Material for the task —
━━━
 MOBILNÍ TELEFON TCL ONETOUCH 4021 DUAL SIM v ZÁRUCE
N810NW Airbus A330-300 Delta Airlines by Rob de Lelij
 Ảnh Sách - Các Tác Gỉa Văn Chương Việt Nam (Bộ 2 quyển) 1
━━━
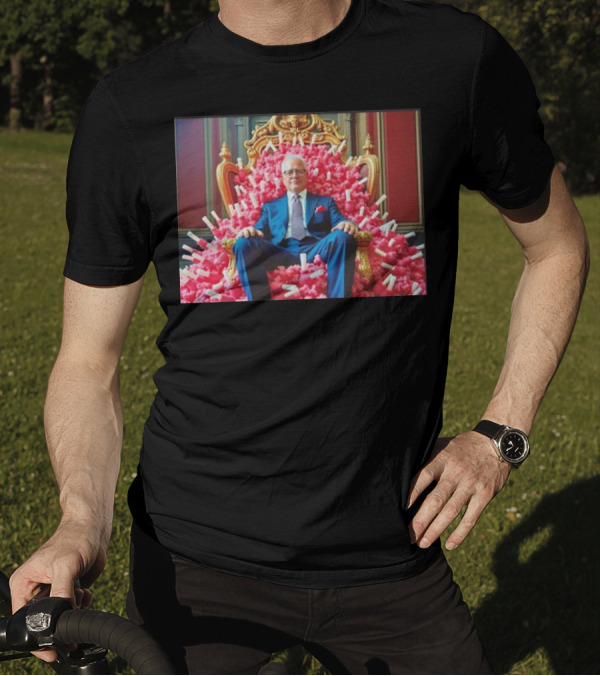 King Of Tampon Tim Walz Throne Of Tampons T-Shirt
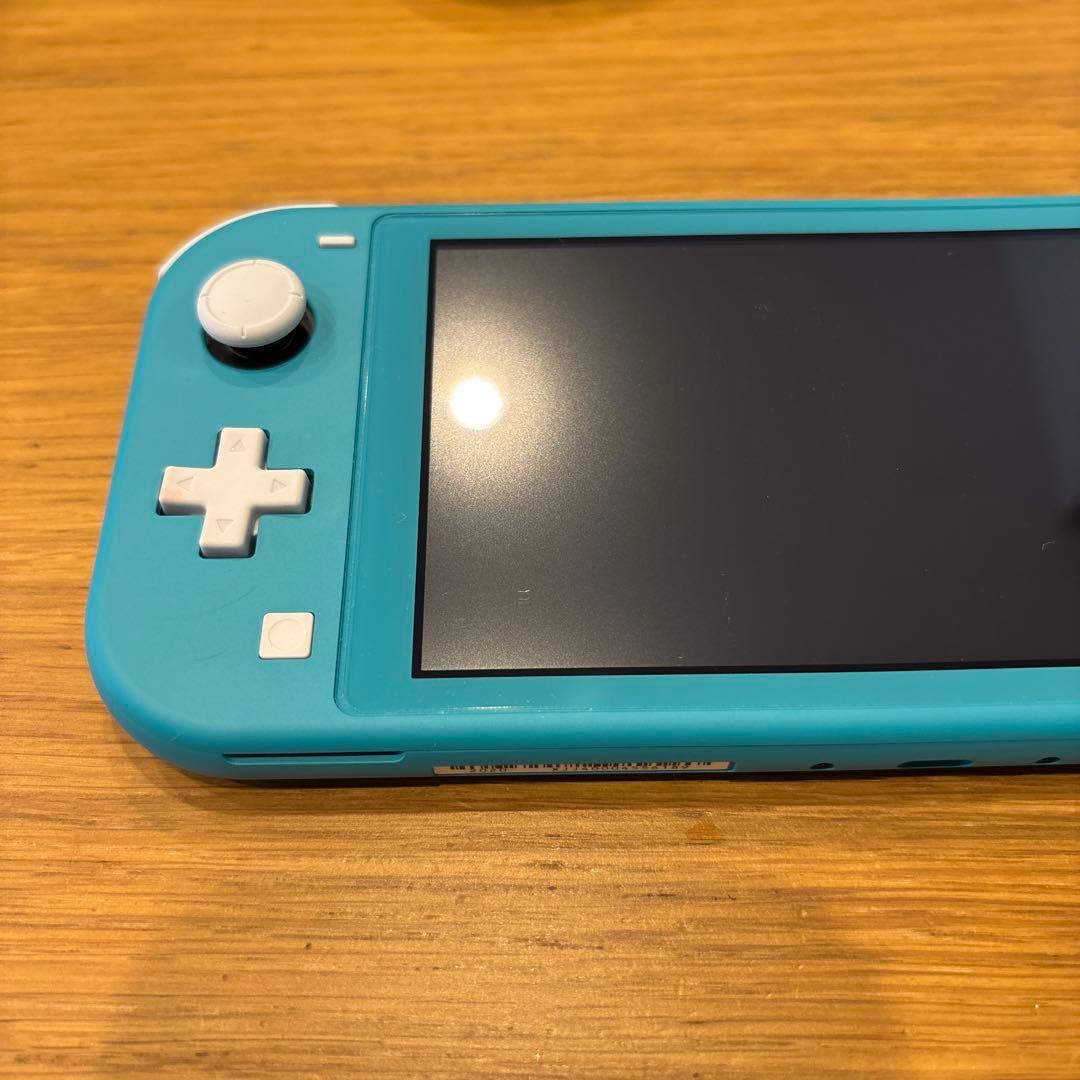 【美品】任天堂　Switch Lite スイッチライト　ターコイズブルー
━━━
Task prompt — Please return the lines above that run from the line containing "MOBILNÍ TELEFON TCL" to the line containing "Ảnh Sách - Các", inclusive, exactly and with no other lines.

Written response —
 MOBILNÍ TELEFON TCL ONETOUCH 4021 DUAL SIM v ZÁRUCE
N810NW Airbus A330-300 Delta Airlines by Rob de Lelij
 Ảnh Sách - Các Tác Gỉa Văn Chương Việt Nam (Bộ 2 quyển) 1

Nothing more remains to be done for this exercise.